山下邦也『オランダの安楽死』
2006年 03月 30日
「私自身は、山下氏の直接の指導教授ではなかったが、京大の宮内裕、平場安治の両教授が亡くなられた後、刑法読書会などの研究会を通じて、研究上の交流を続ける過程で、師弟関係に似た親交関係が生まれた。その中で、私は山下氏がオランダに興味があることを知り、安楽死の研究をしてはどうかと勧めたことがあったと記憶する。山下氏は、その期待に見事に応えてくれて、1990年以降、オランダの安楽死という問題領域について、相次いで翻訳・紹介を含む分厚い本格的な論稿を、文字通り矢継ぎ早に公表されることになった。

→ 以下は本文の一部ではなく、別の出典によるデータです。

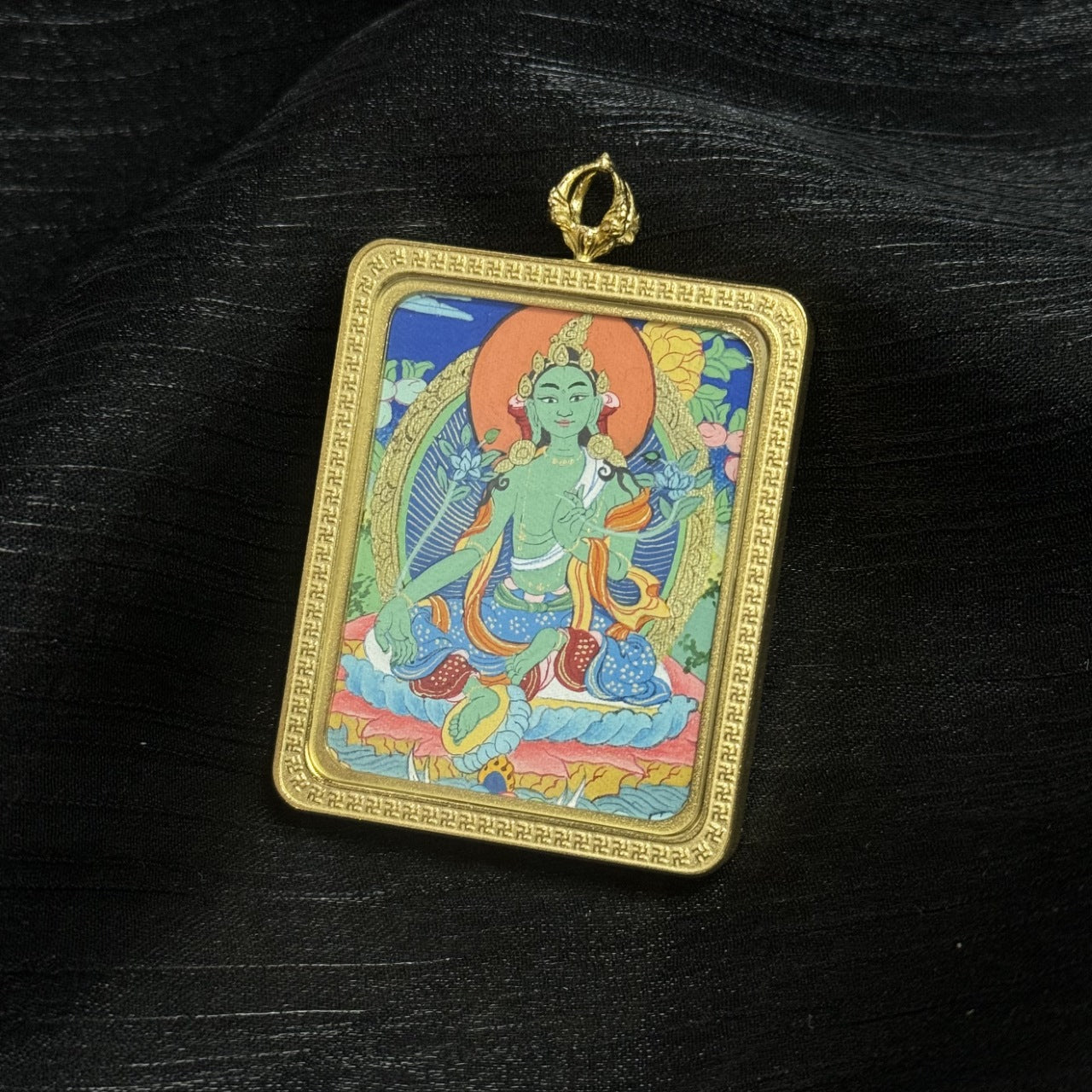 Hand painted Green Tara mini thangka pendant in protective titanium steel frame, traditional Tibetan Buddhist devotional artwork.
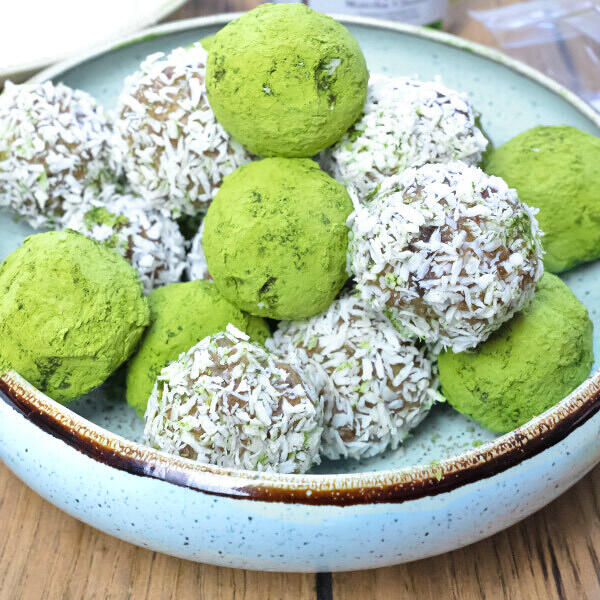 Matcha Energieballs Eine Schale mit runden Energieballs, einige bedeckt mit grünem Matcha-Pulver, andere mit Kokosraspeln, alle eng aneinandergelegt auf einem Holztisch.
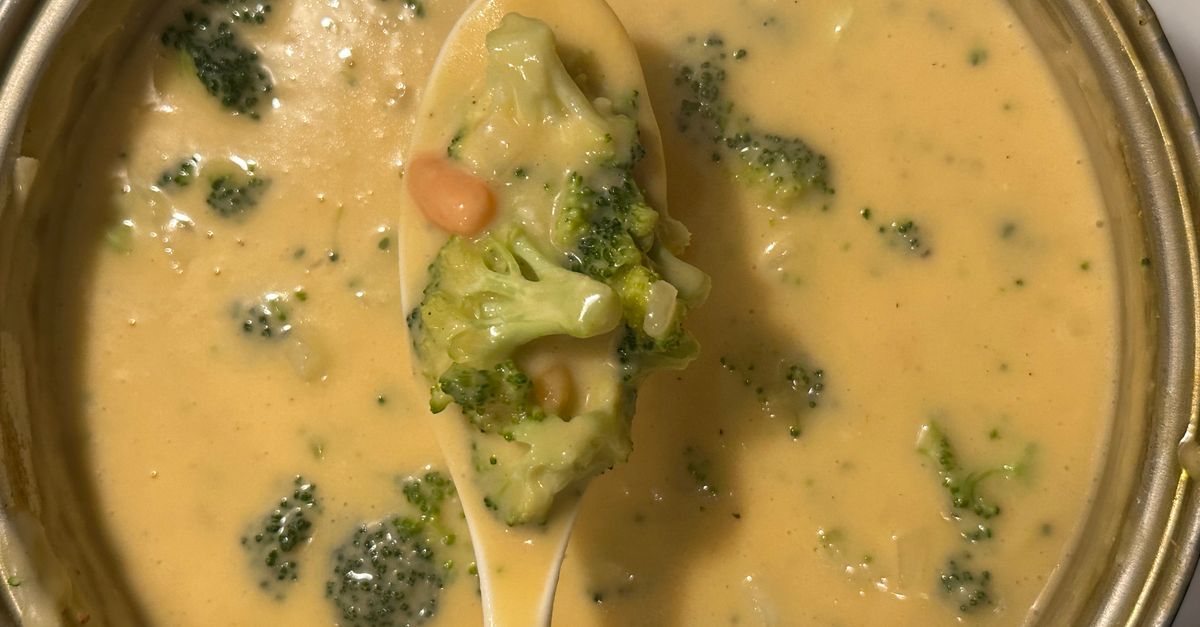 Primer plano de una cuchara llena de sopa cremosa con trozos de brócoli sobre el resto de la sopa en un bol.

オランダ人専門家のペーター・タック教授との公私にわたる親交には、私も恩恵に浴することになり、有意義な国際交流の機会を味わうことができた。
私は、山下氏が亡くなる数年前から、これまでの業績を一冊の論文集にまとめるように勧め、山下氏もその気になって準備していたようであるが、生来の慎重さと遠慮深さのため実現に至らないうちに終わってしまったのはきわめて残念である。
しかし、私としては「オランダの安楽死」に関する山下氏の生前の業績は、是非ともまとめて公刊する必要があると考えるようになり、出版社の成文堂にお願いし、「遺稿集」という形で公刊するという企画を立て、ここにようやく実現することができた」。
私は、今、できたばかりの本書を手にして、山下さんの思い出を偲ぶとともに、自分の著書が出来たとき以上に嬉しい気持ちで一杯である。